The smallmouth tried to grab the fly that was part of the way out of the carp’s mouth away from it. Then silt obscured everything, and the carp raced through the shallow water and off the flat. I discovered that those old butterflies that used to hang out in my stomach when I was kid had not all flown away. They were just waiting for something exciting to bring them out of their cocoons.
I have taken quite a few good size carp on flies, but that fish was noticeably bigger than any I have caught. An eight pound test tippet and a hundred yards of backing were nothing to that fish. I ran about fifty yards across the flat after it, but it was gone in less than a minute.
Two flies have been very good flies for carp for me, a martin fur crayfish pattern, and the picket pin. I tie both of them on keel hooks, but they can be tied on regular hooks. If the hook shanks are heavily weighted, they will ride upside down on the bottom and be fairly weedless.
The martin fur crayfish pattern is tied like this.
Hook- a size eight keel hook, or any hook with a down eye and a shank that is five or six times as long as the gap in the hook. The hook is weighted with at least one full length wrap of lead wire.

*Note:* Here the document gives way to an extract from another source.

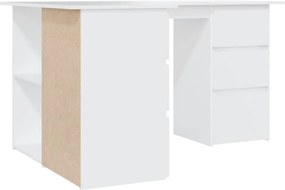 vidaXL Γραφείο Γωνιακό Λευκό 145 x 100 x 76 εκ. από Επεξ. Ξύλο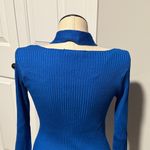 Ashley Stewart  Sweater  blue ribbed rhinestones braid cutout pullover Size 14/16 Photo 3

Tail- a pinch of martin fur with the guard hairs removed.
Body- martin fur with the guard hairs still in it. Make a four inch loop in the tying thread after tying in the tail. I wrap the thread over the loop four or five times and then wrap it up to the head of the fly, leaving the loop still at the tail. Clip a good size bunch of fur and put it into the loop so it is spread out nearly the length of the loop. Keep the clipped ends as even as possible. Twist the thread until the fur
stands up and then twist it some more. Wrap it forward to make the body. Quite a few different furs will work if you can‚t find martin fur. Mink is good, and so is any other brownish colored fur from animals of the mink family.
The picket pin is a peacock herl fly and it is tied like this.
Tail- brown hackle.
Hackle- brown, palmered the length of the body. Four wraps is about right.
Body- peacock herl.
Wing- gray squirrel. If you weight the fly heavily, tie the wing on the underside of the fly, so it points toward the point of the hook and the fly will ride upside down when it is in the water.
Head- peacock herl that is like a continuation of the body. It goes over the part of the wing that is tied in and continues forward almost to the eye of the hook.